**TASK ITEM**
Exactly as written, restate the material below from its first line through the line containing "Luxury Black Starburst", and stop there.

**INFORMATION GIVEN**
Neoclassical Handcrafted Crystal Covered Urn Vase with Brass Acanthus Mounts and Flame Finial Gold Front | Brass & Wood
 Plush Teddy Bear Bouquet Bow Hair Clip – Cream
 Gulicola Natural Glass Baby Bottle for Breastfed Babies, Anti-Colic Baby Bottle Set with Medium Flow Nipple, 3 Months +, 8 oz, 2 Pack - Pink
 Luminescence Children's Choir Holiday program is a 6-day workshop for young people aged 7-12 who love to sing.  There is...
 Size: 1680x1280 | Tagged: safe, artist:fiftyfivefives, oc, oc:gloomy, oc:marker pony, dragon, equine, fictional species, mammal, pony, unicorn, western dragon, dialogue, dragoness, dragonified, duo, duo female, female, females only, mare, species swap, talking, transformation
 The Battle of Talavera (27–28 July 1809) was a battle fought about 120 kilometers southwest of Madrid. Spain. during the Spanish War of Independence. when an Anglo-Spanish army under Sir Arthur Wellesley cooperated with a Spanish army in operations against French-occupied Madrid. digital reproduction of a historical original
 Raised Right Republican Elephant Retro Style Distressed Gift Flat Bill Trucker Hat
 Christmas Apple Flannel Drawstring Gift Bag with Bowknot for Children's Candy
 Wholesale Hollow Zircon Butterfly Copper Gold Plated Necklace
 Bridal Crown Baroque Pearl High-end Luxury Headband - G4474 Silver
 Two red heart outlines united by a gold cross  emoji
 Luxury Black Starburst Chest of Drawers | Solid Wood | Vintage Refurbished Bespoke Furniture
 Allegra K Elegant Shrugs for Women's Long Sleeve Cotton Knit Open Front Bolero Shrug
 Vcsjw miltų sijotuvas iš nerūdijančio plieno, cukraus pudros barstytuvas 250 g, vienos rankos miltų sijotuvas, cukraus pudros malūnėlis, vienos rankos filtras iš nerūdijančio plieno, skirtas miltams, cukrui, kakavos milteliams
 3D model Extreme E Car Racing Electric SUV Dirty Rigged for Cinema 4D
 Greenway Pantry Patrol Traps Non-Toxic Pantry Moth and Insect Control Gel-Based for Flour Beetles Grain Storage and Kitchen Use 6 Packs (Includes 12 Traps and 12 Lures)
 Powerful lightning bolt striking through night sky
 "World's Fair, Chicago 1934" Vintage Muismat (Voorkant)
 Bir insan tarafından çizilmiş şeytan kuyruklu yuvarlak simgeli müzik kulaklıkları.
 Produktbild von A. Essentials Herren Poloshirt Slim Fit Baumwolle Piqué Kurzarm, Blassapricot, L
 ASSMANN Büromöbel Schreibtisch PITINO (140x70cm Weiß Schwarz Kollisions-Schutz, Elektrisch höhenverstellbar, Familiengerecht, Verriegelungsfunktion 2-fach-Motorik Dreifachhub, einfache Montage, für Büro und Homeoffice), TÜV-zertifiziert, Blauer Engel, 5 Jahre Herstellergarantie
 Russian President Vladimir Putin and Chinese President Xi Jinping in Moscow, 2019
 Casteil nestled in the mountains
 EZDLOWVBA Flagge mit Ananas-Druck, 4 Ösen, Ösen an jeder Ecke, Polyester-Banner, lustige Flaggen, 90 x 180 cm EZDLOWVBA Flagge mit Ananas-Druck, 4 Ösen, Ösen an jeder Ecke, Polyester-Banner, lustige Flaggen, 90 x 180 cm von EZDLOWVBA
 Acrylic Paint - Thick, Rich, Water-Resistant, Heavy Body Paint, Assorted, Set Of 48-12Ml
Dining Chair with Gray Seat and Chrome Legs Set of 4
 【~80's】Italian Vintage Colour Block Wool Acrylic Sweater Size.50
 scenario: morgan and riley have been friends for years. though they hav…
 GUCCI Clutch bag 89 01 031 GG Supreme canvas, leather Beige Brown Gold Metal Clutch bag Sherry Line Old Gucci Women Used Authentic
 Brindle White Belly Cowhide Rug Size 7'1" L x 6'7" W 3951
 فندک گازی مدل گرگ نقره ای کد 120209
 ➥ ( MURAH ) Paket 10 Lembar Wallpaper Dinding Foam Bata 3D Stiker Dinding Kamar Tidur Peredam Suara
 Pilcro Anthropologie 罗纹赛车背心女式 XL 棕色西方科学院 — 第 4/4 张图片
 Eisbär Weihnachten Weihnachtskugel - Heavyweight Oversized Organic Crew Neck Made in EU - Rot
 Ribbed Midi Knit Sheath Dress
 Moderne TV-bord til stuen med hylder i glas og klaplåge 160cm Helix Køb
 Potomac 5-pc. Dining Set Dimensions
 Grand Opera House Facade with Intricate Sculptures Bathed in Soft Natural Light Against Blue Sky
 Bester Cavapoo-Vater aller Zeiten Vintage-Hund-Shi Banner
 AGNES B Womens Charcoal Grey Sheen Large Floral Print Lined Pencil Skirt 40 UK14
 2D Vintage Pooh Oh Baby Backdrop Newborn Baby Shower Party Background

**ANSWER FOR THIS EXERCISE**
Neoclassical Handcrafted Crystal Covered Urn Vase with Brass Acanthus Mounts and Flame Finial Gold Front | Brass & Wood
 Plush Teddy Bear Bouquet Bow Hair Clip – Cream
 Gulicola Natural Glass Baby Bottle for Breastfed Babies, Anti-Colic Baby Bottle Set with Medium Flow Nipple, 3 Months +, 8 oz, 2 Pack - Pink
 Luminescence Children's Choir Holiday program is a 6-day workshop for young people aged 7-12 who love to sing.  There is...
 Size: 1680x1280 | Tagged: safe, artist:fiftyfivefives, oc, oc:gloomy, oc:marker pony, dragon, equine, fictional species, mammal, pony, unicorn, western dragon, dialogue, dragoness, dragonified, duo, duo female, female, females only, mare, species swap, talking, transformation
 The Battle of Talavera (27–28 July 1809) was a battle fought about 120 kilometers southwest of Madrid. Spain. during the Spanish War of Independence. when an Anglo-Spanish army under Sir Arthur Wellesley cooperated with a Spanish army in operations against French-occupied Madrid. digital reproduction of a historical original
 Raised Right Republican Elephant Retro Style Distressed Gift Flat Bill Trucker Hat
 Christmas Apple Flannel Drawstring Gift Bag with Bowknot for Children's Candy
 Wholesale Hollow Zircon Butterfly Copper Gold Plated Necklace
 Bridal Crown Baroque Pearl High-end Luxury Headband - G4474 Silver
 Two red heart outlines united by a gold cross  emoji
 Luxury Black Starburst Chest of Drawers | Solid Wood | Vintage Refurbished Bespoke Furniture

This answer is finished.